VOL. 126 | NO. 90 | Monday, May 09, 2011
Housing Market Desperately Seeks Turnaround
By Sarah Baker
With residential sales down and the majority of commercial sectors flat, it’s hard to say if 2011 will provide any traction in the local real estate market.
That was the message a room full of real estate professionals received last week when real estate information company Chandler Reports hosted “Master Your Market,” its quarterly seminar on Shelby County market trends.
Shelby County saw 2,661 homes sold in Q1 (Jan. 1-March 31), a 14 percent dip from the same period a year ago when the area saw 3,095. This decline is partially attributed to the first-time homebuyers tax credit that was available in 2010.
“A lot of us were hoping that 2010 was the bottom of the market but unfortunately we haven’t found the bottom yet,” said Hank Hogue, broker and vice president with Crye-Leike Realtors Inc. who spoke at the event. “The good news is that the ones of us who are in this room are still in the business, and hopefully we will still be when it rebounds and we’ll be able to take advantage of it.”

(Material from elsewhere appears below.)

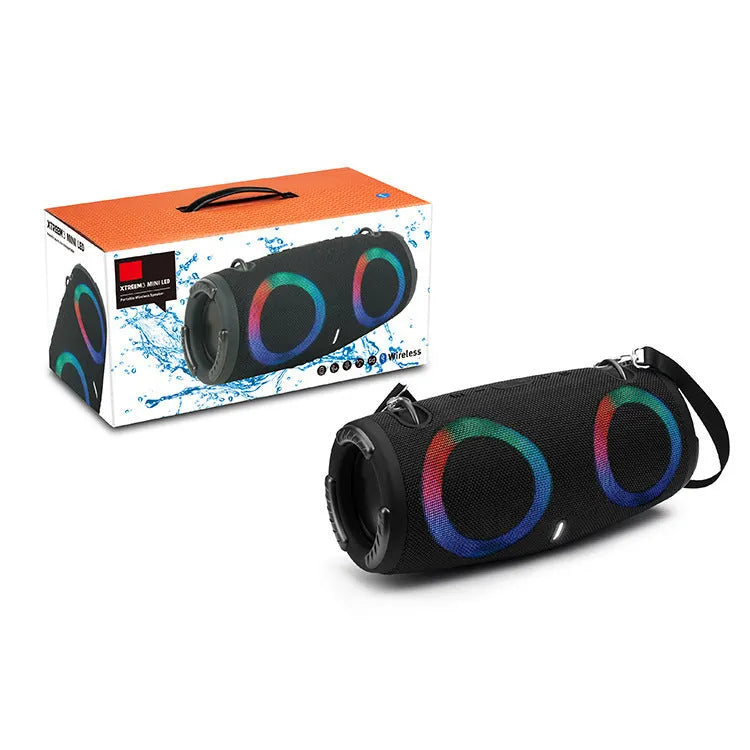 War Drum Bluetooth speaker with RGB lights in black colour, showing strap and button controls for portable outdoor audio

Hogue said a market turnaround relies on several factors that are ultimately out of the real estate professional’s control, like better employment numbers and gas prices.

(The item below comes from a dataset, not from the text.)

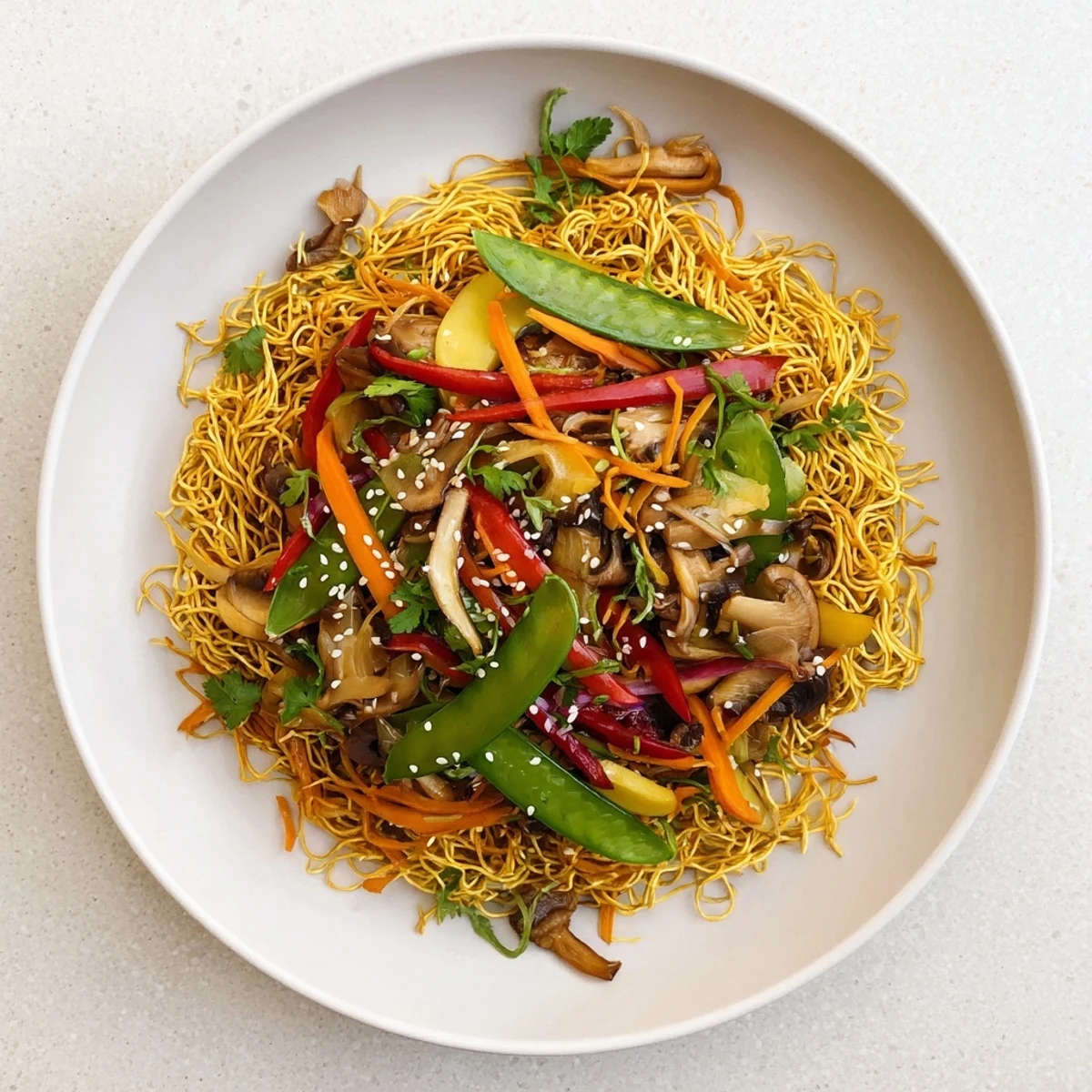 Golden crispy noodles topped with colorful stir-fried vegetables in savory sauce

While average sales price was up 5 percent year over year, it was largely due to the increase in average sales price of bank sales, which were up 18 percent from Q1 2010. A staggering 60 percent of homes sold last year in Shelby Country were under $100,000.
The most improved areas were Millington, East Memphis, River Oaks and Germantown East, where increase in sales toppled 20 percent. Also, the county did see its first $3 million home sale in Germantown’s 38139 ZIP code, marking the first sale of that magnitude since the third quarter of 2009.
Hogue cited the recently released Standard & Poor’s Case-Shiller Home Price Index of homes, which indicated the falling average home prices in most metro areas for the eighth consecutive month. The firm projected home values to continue to decline throughout the remainder of 2011.
“All of those out of the country investors that are coming in, they may be getting a great buy, but they maybe wished they would’ve waited until later on in the year,” Hogue said.
Crye-Leike’s Cordova office numbers are down about 15 percent from last year, Hogue said. And since 2006, the Memphis Area Association of Realtors has lost 40 percent of its membership.
“I’ve got some agents in my office that are having great years, I’ve got some that are having not so great years,” Hogue said. “But when you put everything together and look at the total MLS (Multiple Listing Service), that’s a reflection of what the market is.”
Still, deals are taking much longer now due to too many options, said Todd Glidewell of C&I Appraisal Services Inc., who also spoke at the event.
“What we are seeing and what the remaining players are telling us is that lots are going to be scarce,” said Glidewell said. “Unincorporated Shelby County will continue see some bright spots, and of course, Fayette and DeSoto County will have their moments in the sun, too.”
The market is plagued with “bottom-feeders,” Glidewell said, which is in turn pressing the permit price down. Leasing concessions are still prevalent, but not as prevalent as they have been.
On the commercial side, sales were up 14 percent year over year, to 166 in the first quarter from 145 in Q1 2010. In addition, average sale amount increased an impressive 47 percent, to $811,665 in 2011 from $553,416 in 2010.
Bank sales accounted for only 6 percent of all commercial sales with nine totaling $3.8 million, and overall, the number of commercial bank sales was down 36 percent from Q1 2010.
There were eight industrial sales of more than $1 million last quarter, the highest recorded being a $6 million warehouse at 4834 Mendenhall Road, the Mallory Distribution Center. The most revenue was generated from the industrial sector with $58.4 million total sales volume, followed by retail with $23.2 million.
All commercial property types saw an increase in the total number of sales except for automotive and office. Vacant land sales had the highest sales with 42 followed by retail with 35 sales.
“Materials continue to rise, labor cost hasn’t moved, the only thing that can move is land value,” Glidewell said.
Chandler Reports is a division of The Daily News Publishing Co. Inc.